WHAT IS REQUIRED:
In the records below, begin at the line containing "отель Coastline Mirissa" and end at the line containing "Used Tesla Model"; quote every line in that span exactly, including both boundary lines, and no others.

SOURCE RECORDS:
__________________________________________________
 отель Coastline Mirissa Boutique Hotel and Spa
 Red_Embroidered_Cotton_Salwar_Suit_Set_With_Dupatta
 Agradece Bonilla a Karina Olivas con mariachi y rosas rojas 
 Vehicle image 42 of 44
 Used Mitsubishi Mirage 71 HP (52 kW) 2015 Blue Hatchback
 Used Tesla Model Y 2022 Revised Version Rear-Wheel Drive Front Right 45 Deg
__________________________________________________
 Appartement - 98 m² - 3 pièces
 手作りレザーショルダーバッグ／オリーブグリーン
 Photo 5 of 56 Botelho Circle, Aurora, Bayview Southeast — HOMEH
__________________________________________________
FINISHED EXERCISE:
 отель Coastline Mirissa Boutique Hotel and Spa
 Red_Embroidered_Cotton_Salwar_Suit_Set_With_Dupatta
 Agradece Bonilla a Karina Olivas con mariachi y rosas rojas 
 Vehicle image 42 of 44
 Used Mitsubishi Mirage 71 HP (52 kW) 2015 Blue Hatchback
 Used Tesla Model Y 2022 Revised Version Rear-Wheel Drive Front Right 45 Deg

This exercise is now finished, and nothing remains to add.